Getting Started

Parental Traps

Let’s take a look at some of the most common Parental Traps that might be making your family life a little stressful:

1. The “criticism” trap

This trap is when a parent engages in a power struggle with their child. Typical reactions to a child’s misbehaviour in these situations are often an increase in criticism, threats, yelling, or hitting. This type of discipline backfires and leads to anger, resentment and hostility between parent and child. If you think that these types of interactions take place too often within your family, it could be time to try a new way of handling things.

2. The “leave them alone” trap

This trap occurs in combination with the criticism trap and involves a parent ignoring their child’s good behaviours. If a child gets little to no attention for good behaviours, they are less likely to behave that way again. In fact, they are more likely to replace good behavior with bad behavior which tends to receive more attention. Positive parenting is based on the principle of praising and rewarding behaviours parents would like to see more often from their children.

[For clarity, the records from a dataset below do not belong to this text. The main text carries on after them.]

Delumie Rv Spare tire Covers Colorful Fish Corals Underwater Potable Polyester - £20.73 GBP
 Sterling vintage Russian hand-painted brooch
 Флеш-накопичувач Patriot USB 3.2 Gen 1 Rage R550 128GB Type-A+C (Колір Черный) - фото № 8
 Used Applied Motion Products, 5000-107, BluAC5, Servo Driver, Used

3. The “for the sake of the children” trap

This trap occurs when parents are within constant marital conflict believe that it is more important to cling to the same marriage routines rather than learning new ways to resolve their issues—for the sake of the children. Children raised in families where conflict and stress between parenting partners are common tend to develop more emotional and behavioural problems compared to those raised in stable families, regardless of whether that family is a one or two parent family.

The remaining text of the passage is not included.